Tucker Carlson Examines Sen. Mike Lee’s Evolution on Google — ‘Maybe It’s Every Bit as Corrupt as It Seems’
Tuesday during his prime time Fox News Channel program, Tucker Carlson offered an assessment of Sen. Mike Lee’s (R-UT) evolution on Google.
According to the “Tucker Carlson Tonight” host, Lee was once a staunch critic of the tech giant. However, in recent years, he has changed his attitude toward Google.
Transcript as follows:
It was just a few years ago that Utah Senator Mike Lee was a persistent critic of Google. In 2011, Lee grilled then-CEO Eric Schmidt at a congressional antitrust hearing. Before joining the Senate, Lee pushed for a law that would have banned Google’s largest force of revenue. That would be keyword-based advertising. Lee also egged on antitrust investigations of big tech and then accused the FTC, the Federal Trade Commission, of going too easy on powerful companies — and good for him.
But fast forward to today. Today, Mike Lee is one of Google’s chief allies in Congress — maybe its biggest ally in the Republican Party. Lee has questioned whether Congress should even bother with antitrust investigations of tech companies. Lee has introduced legislation that would make it harder for the government to block corporate mergers. Lee has complained about the E.U. imposing fines on Google for its behavior.
Lee even came on this program and told that conservatives shouldn’t worry about Google or other tech companies silencing conservative speech online.
What happened? Why the change? Well, it’s possible that Mike Lee just woke up one morning and decided that his previous views had been wrong. Maybe. And yet evidence compiled by the Google Transparency Project suggests there may have been other factors at play here.
Starting in 2013, Google spent millions of dollars rolling out its high-speed Internet service, Google Fiber, in both Provo and Salt Lake City, Utah. In 2015, Google hosted a high-profile fundraiser for Lee at its Silicon Valley law firm. The fundraiser got a lot of attention, so Google backed out. But the fundraiser itself went ahead, and Lee received a sizable donation from Google’s political action committee.

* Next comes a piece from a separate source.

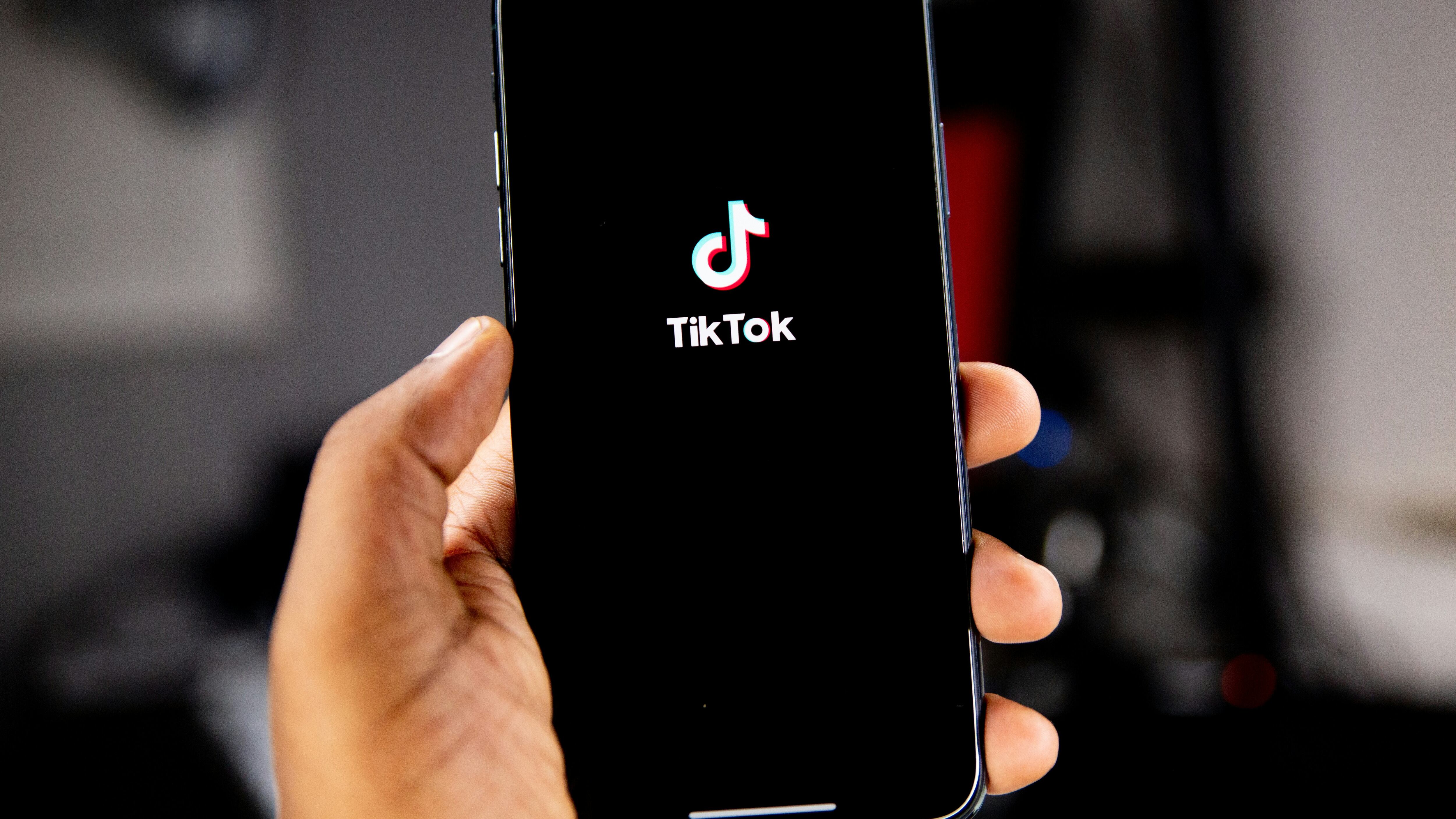 "Spinge al suicidio". In Francia scatta l'indagine su TikTok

Ever since that fundraiser and the money he took, Lee’s interest in having the FTC investigate tech companies seems to have completely evaporated. Google knows there’s more to politics than just donations. So in 2017, they hired a close ally of Lee’s to manage the company’s relationship with conservatives. The Internet Association — that is a trade group of which Google is a part — hired away Mike Lee’s senior counsel from the Senate Judiciary Committee. Google also collaborated with the Heritage Foundation and American Enterprise Institute, two of Washington’s biggest conservative thinktanks.
The message they pushed was that Google and other tech monopolies are really something conservatives ought to celebrate. These companies are triumphs of the free market. We should be grateful for them. And worrying about their growing power and the ways they use that power is somehow socialist and un-American.
Of course, Google itself is socialist and un-American, so the argument never really made sense. But Mike Lee bought it completely.
When Facebook’s Mark Zuckerberg came before Congress last year, he asked them only at the softest of softball questions. And a month later, Facebook announced it would build a $750 million data center in Utah. A coincidence? Maybe it is a coincidence, or maybe it’s every bit as corrupt as it seems.
We asked Senator Lee to come on tonight to explain what exactly happened. He declined. We’ll keep asking until he reconsiders.